Market Stimulation: Falling rates spark buyer excitement, driving demand and pushing property prices higher in the NZ property market.
What to Do Next:
Prospective buyers should assess their financial readiness and consider locking in favourable mortgage rates. Consulting with a Staircase mortgage advisor can provide personalised insights into how these rate adjustments impact individual borrowing scenarios.
Upward Trend in Property Prices: Indications of Market Recovery
Recent data reveals a positive shift in the New Zealand property market. In March 2025, property prices experienced a 0.5% increase, the biggest monthly gain since January of the previous year. This follows a 0.4% rise in February, confirming a steady upward trend.
Factors Contributing to Price Increases:
Reduced Interest Rates: As borrowing becomes more affordable, buyer demand intensifies, exerting upward pressure on property values.
Economic Recovery: New Zealand’s recovery from the recent recession sparks confidence, encouraging property investment opportunities.
Supply Constraints: Hotspots like the Queenstown property market are in short supply, triggering competitive bidding and higher prices.
Implications for Buyers:
Entering the New Zealand housing market during an upswing requires prompt decision-making to capitalise on current prices before further increases. Don’t miss out!
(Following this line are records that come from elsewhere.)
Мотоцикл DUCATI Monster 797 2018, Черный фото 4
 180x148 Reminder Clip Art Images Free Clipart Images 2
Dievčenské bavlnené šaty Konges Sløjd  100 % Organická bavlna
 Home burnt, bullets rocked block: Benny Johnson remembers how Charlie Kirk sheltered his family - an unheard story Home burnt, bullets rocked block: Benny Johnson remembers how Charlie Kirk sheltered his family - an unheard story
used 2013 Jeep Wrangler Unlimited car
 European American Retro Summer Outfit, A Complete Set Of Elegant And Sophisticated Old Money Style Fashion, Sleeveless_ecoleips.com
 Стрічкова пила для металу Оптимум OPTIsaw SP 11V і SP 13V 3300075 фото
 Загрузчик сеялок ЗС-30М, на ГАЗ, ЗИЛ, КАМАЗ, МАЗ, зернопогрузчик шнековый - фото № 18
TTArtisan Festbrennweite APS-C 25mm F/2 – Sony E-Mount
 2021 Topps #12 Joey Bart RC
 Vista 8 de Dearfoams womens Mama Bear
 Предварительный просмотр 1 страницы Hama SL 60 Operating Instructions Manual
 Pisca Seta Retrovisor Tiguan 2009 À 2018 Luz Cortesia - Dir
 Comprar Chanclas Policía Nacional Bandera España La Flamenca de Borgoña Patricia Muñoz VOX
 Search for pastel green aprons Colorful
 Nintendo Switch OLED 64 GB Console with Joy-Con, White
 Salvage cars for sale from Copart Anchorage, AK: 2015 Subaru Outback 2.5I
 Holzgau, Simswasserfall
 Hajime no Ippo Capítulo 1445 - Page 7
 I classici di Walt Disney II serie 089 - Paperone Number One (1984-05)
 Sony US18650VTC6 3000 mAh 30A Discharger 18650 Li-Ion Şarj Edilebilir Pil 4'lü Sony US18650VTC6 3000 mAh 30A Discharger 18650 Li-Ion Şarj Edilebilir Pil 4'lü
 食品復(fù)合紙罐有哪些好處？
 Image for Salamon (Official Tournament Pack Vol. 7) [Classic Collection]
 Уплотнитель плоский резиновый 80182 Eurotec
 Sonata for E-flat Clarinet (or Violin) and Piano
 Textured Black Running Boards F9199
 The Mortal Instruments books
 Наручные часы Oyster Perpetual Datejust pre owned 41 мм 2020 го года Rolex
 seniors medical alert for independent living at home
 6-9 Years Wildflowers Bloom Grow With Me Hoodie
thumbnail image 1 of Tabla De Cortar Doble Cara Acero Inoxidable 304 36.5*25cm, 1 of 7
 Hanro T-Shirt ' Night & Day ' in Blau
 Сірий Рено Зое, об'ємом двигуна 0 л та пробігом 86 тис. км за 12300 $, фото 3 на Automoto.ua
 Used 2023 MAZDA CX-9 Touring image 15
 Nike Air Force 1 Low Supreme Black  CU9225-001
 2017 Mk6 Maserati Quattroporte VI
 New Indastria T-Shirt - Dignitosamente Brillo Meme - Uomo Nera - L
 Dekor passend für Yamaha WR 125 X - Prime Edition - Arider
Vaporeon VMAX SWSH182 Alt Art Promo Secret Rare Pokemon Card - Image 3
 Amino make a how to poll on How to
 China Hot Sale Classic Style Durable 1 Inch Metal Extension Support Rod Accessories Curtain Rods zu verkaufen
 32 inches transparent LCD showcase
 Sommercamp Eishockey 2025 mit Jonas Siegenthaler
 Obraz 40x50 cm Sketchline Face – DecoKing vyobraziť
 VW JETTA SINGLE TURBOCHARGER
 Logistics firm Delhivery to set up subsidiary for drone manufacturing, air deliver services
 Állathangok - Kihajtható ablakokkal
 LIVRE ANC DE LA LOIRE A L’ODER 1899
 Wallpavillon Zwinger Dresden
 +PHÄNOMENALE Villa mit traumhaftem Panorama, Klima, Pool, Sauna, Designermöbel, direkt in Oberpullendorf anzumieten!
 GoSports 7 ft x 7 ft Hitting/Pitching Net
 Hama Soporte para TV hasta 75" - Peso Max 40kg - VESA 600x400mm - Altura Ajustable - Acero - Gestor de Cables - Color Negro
Reasons To Expect A Surge In Mortgage Borrowing
This month we consider the likelihood of a resurgence in mortgage borrowing to former Boom time levels and how that might impact property prices.
Recovery in New Mortgage Lending
Total mortgage lending hit $5.8 billion in February 2025, up a massive 50% from $3.8 billion in February 2024. This 2025 recovery is stronger than the previous recovery of late 2019 to early 2020. This signals a lending boom that could drive property prices higher soon.

Property Investor Mortgage Lending Recovery Has Commenced
Property Investor lending is also exhibiting the pattern of Recovery. This pattern is similar to the rise in lending to investors in the 2020 Recovery. This suggests a surge in residential property investment is just around the corner.

Large Property Equity + Improved Cashflow = Increases Mortgage Borrowing Capacity
CoreLogic estimates show the housing stock is currently worth $1,630,000,000,000. That’s $1.63 Trillion! On the other hand, the Reserve Bank NZ reveals total mortgages owed of ‘only’ $365 Billion so that implies an overall Loan to Value Ratio of just 22%!
In other words, homeowners have 78% home equity New Zealand, unlocking massive borrowing capacity. Two keys drive this:
Equity
Cashflow
That means New Zealanders have a large amount of potential borrowing capacity if based solely on that significant amount of equity.
Why Equity and Cashflow Matter More Than Ever
Over the past 6 months, falling mortgage interest rates in NZ have boosted cashflow, increasing borrowing power. This perfect storm, huge equity and better cashflow, sets the stage for mortgage borrowing. If just 5% of equity is borrowed, that’s $81 billion in new loans!
We also know from history that when 2-year fixed mortgage rates fall below 5% p.a., mortgage borrowing increases significantly. Most loans go to upgrading homes, buying rental properties, or purchasing first homes.
So now that we have recently evidenced mortgage rates falling to 4.99%, we are equity rich and our borrowing capacity has improved we know what happens next. We can expect more borrowing, possibly a significant surge, to occur in the near future.
How Much More Can You Borrow Now?
You may be pleasantly surprised to learn how much more you can borrow in the New Zealand housing market. Do you know how much your borrowing capacity has increased in the last 6 months due to mortgage interest rates falling so far and so fast?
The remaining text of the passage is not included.